I am very thankful that Public Citizen is hard at work as a watchdog for American citizens on the activities of the federal government’s regulatory agencies. Joan Claybrook and her staff have been watching one of them, NHTSA, very closely. Joan believes that improvements to the government’s automobile crash test information program, announced last month, are good, but don’t go far enough. The Department of Transportation officials spent three years working to strengthen the New Car Assessment Program (NCAP), but they failed to address any of the program’s most glaring omissions. That – according to Joan – is a disappointment and I share her feelings. Starting with model year 2010, tests will include a new side pole test, which simulates a vehicle hitting a tree. In addition, the tests will use small female crash test dummies, rather than just men. All of that is good.

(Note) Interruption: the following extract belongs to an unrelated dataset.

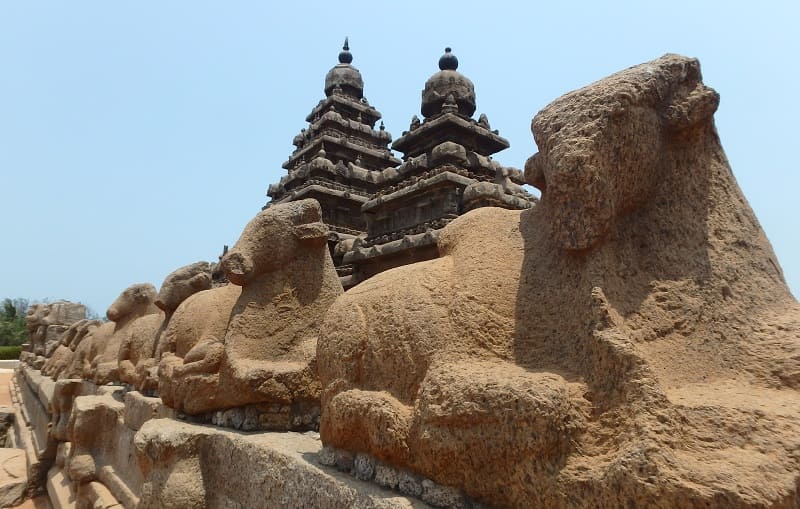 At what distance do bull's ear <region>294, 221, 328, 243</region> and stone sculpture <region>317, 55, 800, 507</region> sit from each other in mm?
1567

However, the program still doesn’t include a dynamic (real-world) rollover crash test to determine a vehicle’s safety in a rollover crash. This is extremely important since it’s undisputed that rollover crashes are responsible for about one-third of all vehicle occupant fatalities each year. The program still lacks tests for vehicle performance in rear crashes and pedestrian crashes, and fails to test child safety restraints. Further, it lacks a compatibility rating, which would measure the disparity between the heights and aggression of vehicles on the road and is particularly important given all the tall, hulking SUVs on the roads.
Finally, the government is wrongly retaining its star rating system, which is more confusing to people than a basic A through F grading system. Joan Claybrook established the NCAP program in 1979 while she was head of NHTSA. Her concept at that time was not only to provide safety information to vehicle purchasers, but to push auto manufacturers to go beyond the basic safety standards when designing vehicles. The program started by Joan has worked. For example, in 1979, less than 30% of vehicles earned four or five stars; last year, 98% of vehicles got four or five stars. That is definite progress.

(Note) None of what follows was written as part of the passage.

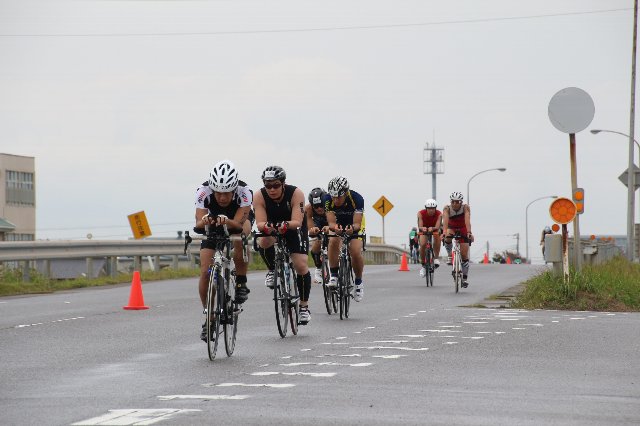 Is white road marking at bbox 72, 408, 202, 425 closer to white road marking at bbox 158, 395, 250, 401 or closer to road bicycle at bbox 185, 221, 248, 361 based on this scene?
white road marking at bbox 158, 395, 250, 401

In 2005, a Government Accountability Office report concluded that the NCAP program was out of date and needed to be revamped. Other countries have programs that have far surpassed what NHTSA is doing in the U.S. For example, the programs in the European Union, Japan and Australia are more comprehensive than NCAP and still will be after the announced improvements by NHTSA are instituted. I totally agree with Joan and her co-workers at Public Citizen. By omitting so many valuable tests, NHTSA is missing a huge opportunity to quickly and easily boost safety. The next President and a Democratic-controlled Congress must see that NHTSA does its job and makes safety a real priority.